The different materials and their arrangement are illustrated in
FIG. 5. the top cover material, which contacts the wearer's foot,
is a terry cloth inner sole 47. Beneath the terry cloth inner sole
is an inner sole made of neoprene material 48 which cushions the
foot. The terry cloth and neoprene soles are attached by stitches
49. Beneath the neoprene inner sole is the helium modules core 50
which consists of a top cover 51 and helium modules 52. The helium
modules core 50 fits within the molding of the sole, which is made
in a mold, as discussed in the explanation of FIG. 8, of rubber
foam.
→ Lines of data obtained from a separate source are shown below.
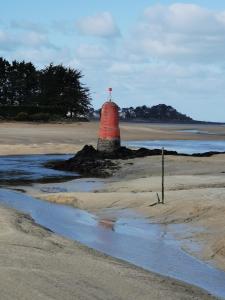 a red lighthouse sitting on a beach near the water at Chambres d'Hôtes vue mer entre Plestin les Grèves et locquirec in Plestin-les-Grèves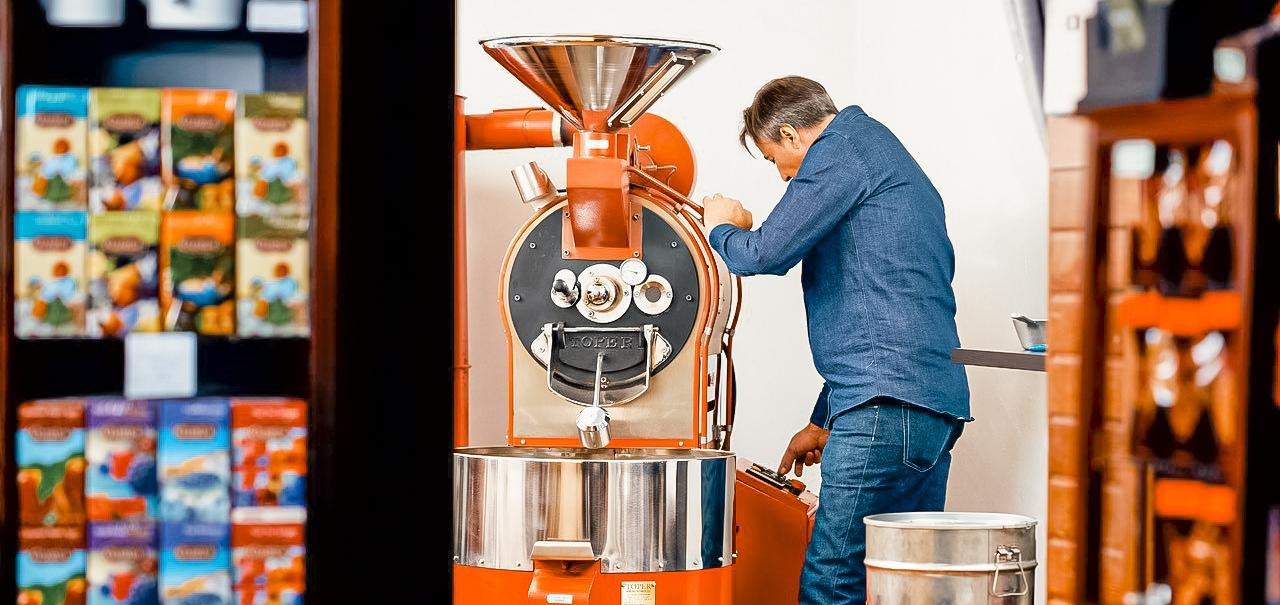 Ein Mann in Jeans bedient eine große, orangefarbene Kaffeeröstmaschine. Im Hintergrund sind bunte Kaffeepackungen zu sehen., © Kaffee Fröhlich, Stuttgart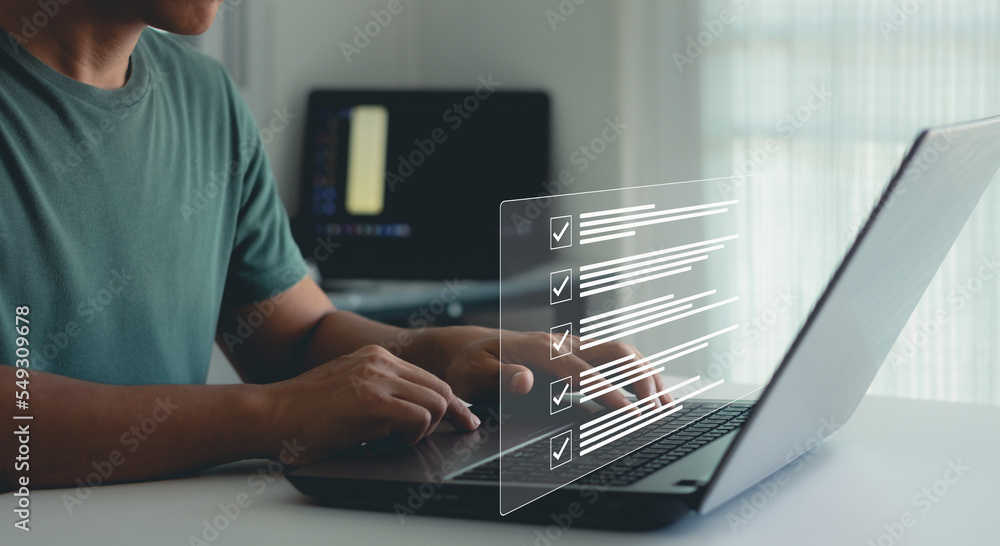 Poster iso certification document management system quality assurance. businessman working with a laptop co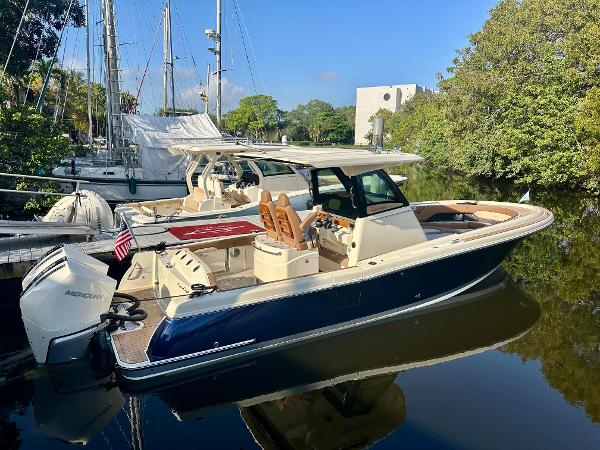 Chris-Craft 31 catalina 2025 Chris-Craft Catalina boat docked on calm water, surrounded by lush greenery.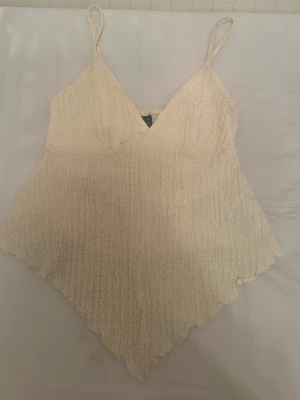 Beige linnetopp med smala axelband - Supersöt beige linnetopp med smala axelband och v-ringning. Toppen har en lätt skrynklig struktur och spetsig nederkant både fram och bak, vilket ger en unik och trendig look. Perfekt för varma dagar och enkel att styla till olika outfits.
Finally, the hard rubber bottom sole, 54, is attached to the
bottom of the sole with adhesive 55. Although FIG. 5, at 55 only
shows adhesive at the front of the sole the adhesive is applied
throughout the bottom sole 54.
The process by which the modules will be filled with helium is as
follows. The modules will be molded from silicone material. Then,
top cover of the helium modules core will be attached with adhesive
to the modules 55. A press 56 will then press the helium modules
core forcing the air to escape through an opening at the rear of
the helium modules core 57. Since all chambers of the helium
modules core are interconnected, this process will force all air
out. In order to re-inflate the helium modules core with helium a
self sealing valve will be used 58. Helium is inserted through a
needle valve 59, which is attached to a hose 60. The hose emanates
from a helium canister 61. There is a valve with a meter 62
attached between the hose and the canister which regulates the
amount of helium to the desired pressure. The helium going into the
modules will re-inflate the helium modules core, since the pressure
from the press will be released as the helium enters the modules
63.
Once the helium modules core has been constructed, it will be
placed 64 into a hard plastic mold 65, of the desired sole shape.
The hard rubber sole 66 will be in the mold before the helium
modules core is inserted 65. The hard rubber sole will be attached
to the helium modules core with adhesive 66. Foam rubber will be
poured in liquid form into the mold through top openings 67, 68.
The foam will become solid inside the mold. The walls of the mold
will be coated with release wax to prevent the foam rubber from
adhering to it. Any foam that overflows through the fill holes will
be trimmed off, level with the top of the sole.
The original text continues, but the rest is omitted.